Another name for lunatic repetition might be ‘philosophy’. Not the sort wherein one reflects upon one’s values and the goals at which one aims. By ‘philosophy’, I mean the sort in which people, in full retreat from real life, abstract and conceptualise concrete relations utterly, while simultaneously over-simplifying and over-complicating everything: i.e. academic philosophy.
Philosophy often seems to be an endless reiteration of the same debates without the least hope of anyone changing their mind. Hence one reviewer’s comment on my book (still available from evil empires and not-so-evil-empires ): the arguments are perfectly sound, but it’s unlikely to convince anybody. Well, of course not.
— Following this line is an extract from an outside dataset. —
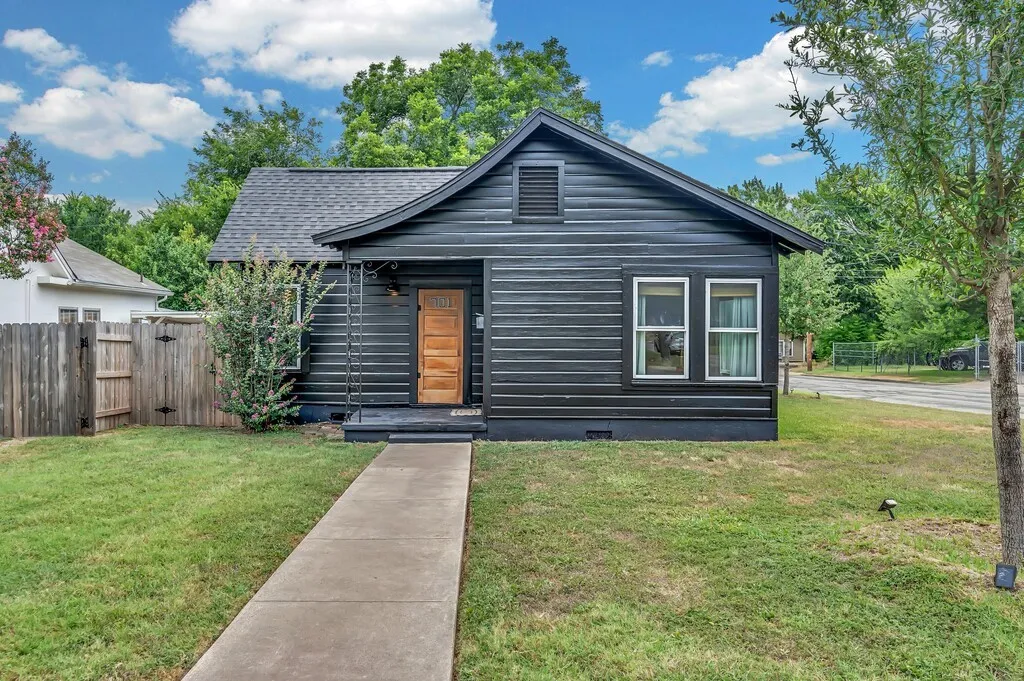 Single Family Residence For Sale in Mc Lennan County , 701 N 32nd Street, Waco, Texas 76707, 2 Bedroom, 1 Bathroom, Garage spaces, 1,022 Sqft, built in 1930, Price $199,900, mls#21332576, Real Estate Agent in Waco, Homes For Sale in Mc Lennan county, Homes For Sale in Waco, Realtor in Waco Texas, Real Estate Brokerage Independent Realty Texas, Luminita Cordes Realtor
What kind of idiot would be convinced by sound logical argument?
(My favourite response was from the commentator who observed that, ‘nothing could improve this book’. Is that a complement or not?)
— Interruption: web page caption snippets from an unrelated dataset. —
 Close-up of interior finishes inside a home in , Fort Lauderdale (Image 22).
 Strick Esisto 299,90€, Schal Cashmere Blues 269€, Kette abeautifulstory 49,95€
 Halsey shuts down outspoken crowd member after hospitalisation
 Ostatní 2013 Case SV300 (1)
Or take the ever-lasting, fart-flavoured gobstopper that is philosophical realism. That realism is logically incoherent and empirically false[1] means nothing; realist philosophers remain committed to this rubbish, not for philosophical reasons, but for theological ones; and a bad theology at that.
Sadly, personalist philosophers don’t buck this trend very hard. This is frustrating because those within the tradition often regard personalism as radical, even revolutionary. When personalists foregather, however, we discuss – endlessly – the nature of ‘personhood’: what persons are or what it means to be a person. Consequently, personalism rarely gets very far or does anything very useful. And when someone does put personalist ideas to work in some concrete way, their efforts fall flat because they’re predicated on a concept of persons that hasn’t been thought through. It’s catch-22 without the funny bits.
That’s the trouble with grounding your philosophy in a single idea: if you can’t agree what the idea means, you’re stuffed.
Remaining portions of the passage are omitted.